The Department of Homeland Security did not respond to a
request for comment. The White House spokesperson Abigail Jackson told me the
administration’s conversations with local officials were ongoing. “The Trump
Administration remains committed to enforcing federal laws and ensuring all
Americans feel safe in their communities,” she said by email. “Local leaders
should work with us, not against us, to achieve this goal.”
***
Homan, the administration’s “border czar,” arrived in
Minnesota this week and took
the reins from Greg Bovino, the ousted Border Patrol commander. He said
Thursday that federal immigration agents in the state will prioritize arresting
violent criminals, while acknowledging that the operation—which has swept up
refugees, children, and U.S. citizens with no criminal records—had “got away
from” its core mission.
Police in Minnesota have said they support the removal of
violent criminals from the community. But the federal government’s actions have
soured relations in a way that, for some, makes future coordination on
immigration enforcement unlikely, current and former officials told me. In
addition to killing two Minnesota residents, masked federal agents have roughed
up protesters and created a sense of fear in the community.
“Trust has been breached, and I don’t think you can get
that back,” Lucy Gerold, who served as a police officer in Minneapolis for more
than 30 years, told me. “I think they’ve lost the trust and breached the
ability to compromise or coordinate or cooperate.”
Gerold said she unwittingly found herself in the midst of
a federal immigration operation and was stunned by the lack of protocol and
professionalism. Despite having shown up in six unmarked cars to make an
arrest, the agents failed to secure the scene and control the flow of traffic.

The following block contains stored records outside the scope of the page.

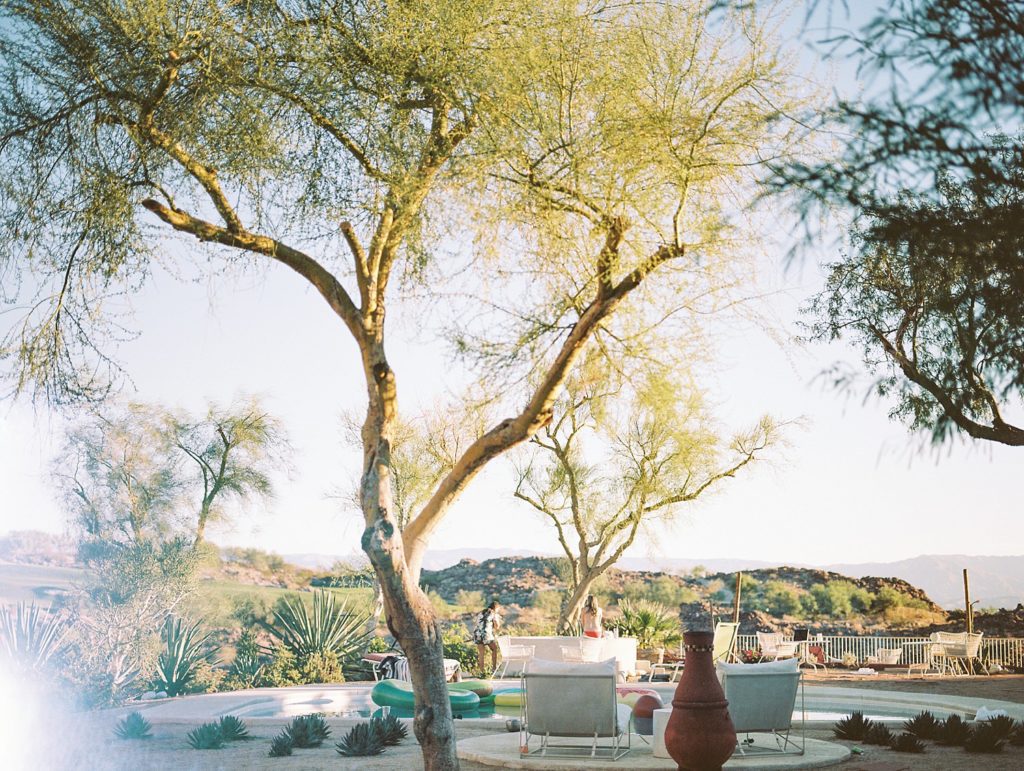 Hot tub sunrise session at Villa Leche Palm Desert Airbnb by San Luis Obispo Wedding Photographer Austyn Elizabeth Photography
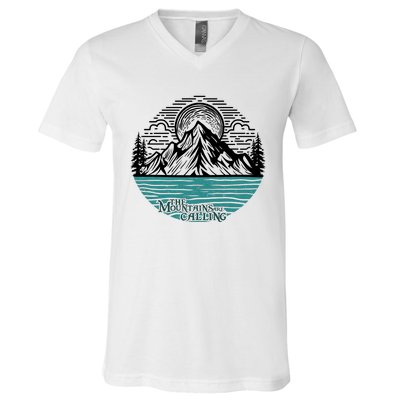 Mountains Are Calling Outdoor Adventure Graphic V-Neck T-Shirt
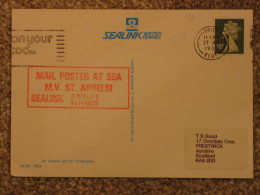 SEALINK ST ANSELM POSTED AT SEA HANDSTAMP ON OFFICIAL CARD - Ferries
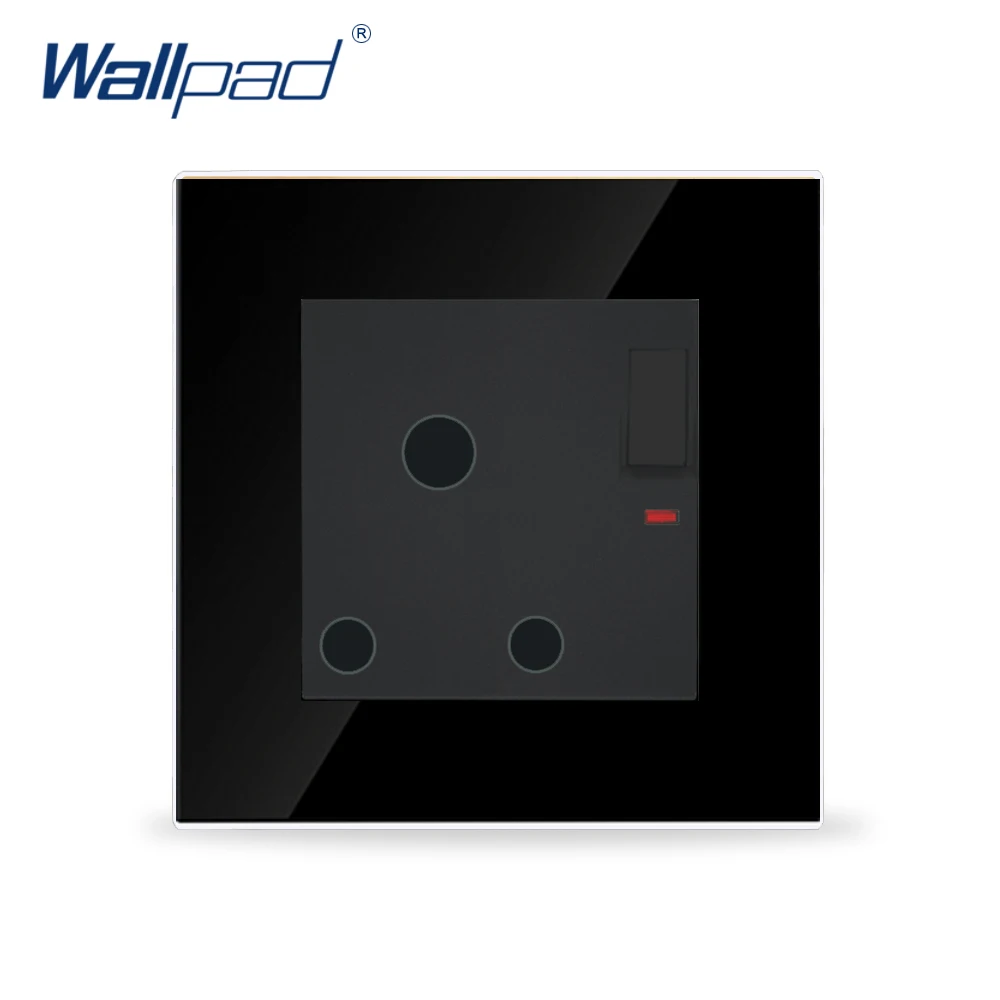 Розетка Wallpad 15A/16A Великобритания роскошный переключатель из черного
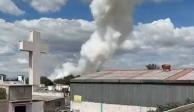 Una imagen de redes sociales muestra la explosión de un polvorín en el municipio de Tultepec en el Edomex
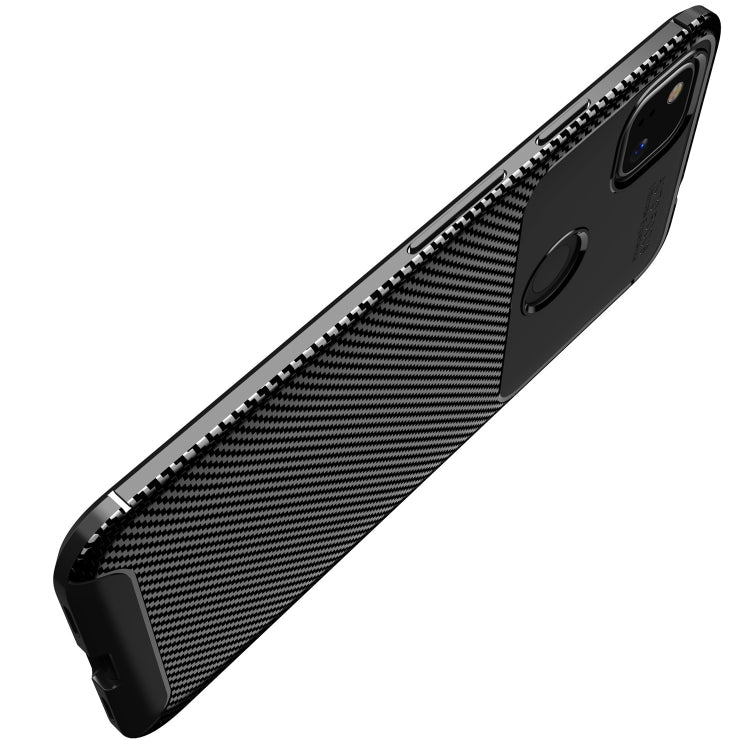 For Google Pixel 4a Carbon Fiber Texture Shockproof TPU Case(Black)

The mix of protesters, moving cars, and armed agents created chaos, she said.
Although federal officials have said they want local police to help them
perform such tasks more smoothly, the Minneapolis Police Department is reluctant
to be associated with an operation that often appears disjointed,
unprofessional, and hostile.
Days before Pretti was killed, Minneapolis Police Chief
Brian O’Hara told me that it’s “potentially damaging to the legitimacy of law
enforcement” for his officers to be seen cooperating with a federal operation
that many residents view as an invasion. Homan’s desire for more support from
local police faces other obstacles. The Minneapolis city council recently
updated a rule spelling out the restrictions on how police can interact with
federal immigration officers. Known as a “separation
ordinance,” it says Minneapolis must “vigorously oppose” any efforts to use
its resources to support federal immigration enforcement, asserting that
community trust would be “destroyed” if local officials are seen collaborating
with Trump’s mass-deportation teams.
“Enforcing federal civil immigration laws alongside
federal agents who lack clear agency identification and/or who are masked or
otherwise concealing their identities or badges would be contrary to the values
of the city and harmful to the trust and public safety of city residents,” the
ordinance reads.
***
Minneapolis Mayor Jacob Frey and Minnesota Governor Tim
Walz each said they had productive meetings with Homan, and appreciated the
opportunity to discuss the situation with him. Still, they seemed more
reluctant to cooperate with ICE or otherwise change their policy than Homan had
suggested in his press conference.
“I’m not sure I can do much more,” the governor told
my colleague Isaac Stanley-Becker this week, accusing the federal agents of
engaging in unconstitutional profiling. Speaking to the U.S. Conference of
Mayors on Thursday, Frey described the Trump administration’s actions as “an
invasion on our democracy” and reiterated his stance that the federal operation
needs to end immediately.
Hours after Homan told reporters that Minnesota Attorney
General Keith Ellison had “clarified” that county jails can tell the government
when violent offenders are scheduled for release, Ellison released a lengthy
statement asserting that his priority was bringing the federal surge to an
end and investigating the deaths of Good and Pretti.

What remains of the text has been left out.